Langer team offers up a hydrogel drug delivery vehicle at MIT

MIT's Robert Langer has been legendary over the years for working with promising postdocs on new technologies for therapeutics and drug delivery. Now he's the senior author of a paper from MIT postdoc Mark Tibbitt, who's created a hydrogel that's designed to be much better than current technologies in getting drugs into patients and straight to where they are targeted.

One of Langer's specialties is nanotechnology. Tibbitt turned to a type of nanotech constructed out of PEG-PLA copolymers, which Langer invented years ago. Tibbitt took those copolymers and mixed them with cellulose, a polymer, to make hydrogels that can carry one or two drugs at a time. And they are malleable, so they can be put into a syringe and injected straight into patients, bypassing the surgeries that have often been needed for earlier generations of delivery vehicles.
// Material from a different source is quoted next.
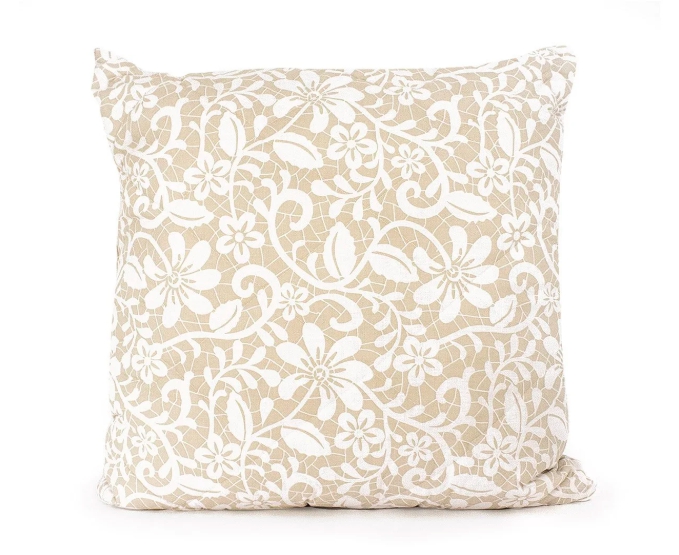 Dargez Вологда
"We're working with really simple materials," Tibbitt says. "They don't require any advanced chemical functionalization."

The hydrogels can also be designed to vary dosing rates over time--depending on the drug being used--while also relying on a technique that leaves the gel and the payload where it's put, which can be a big advantage over more systemic delivery approaches.

The team has tested the concept in mice, getting confirmation that the technology could work in humans. Now they want to give it a try with an antiangiogenesis drug for macular degeneration. The same approach, they say, could also be used to deliver growth factors to repair damaged hearts. And the same gel could also apply to cancer, mopping up tumor cells that linger after surgery by drawing targeted cells to the gel and using a chemo payload to destroy them--potentially significantly reducing the risk that the cancer would make a comeback.

"Removing the tumor leaves behind a cavity that you could fill with our material, which would provide some therapeutic benefit over the long term in recruiting and killing those cells," co-lead author Eric Appel says. "We can tailor the materials to provide us with the drug-release profile that makes it the most effective at actually recruiting the cells."

Langer, who's won a string of prestigious science awards around the globe, has also set up a long lineup of biotechs over the years, often turning to VCs like Polaris and Flagship for seed cash. It wouldn't be surprising to see more come out of work like this.

Their paper was published in Nature Communications on Feb. 19.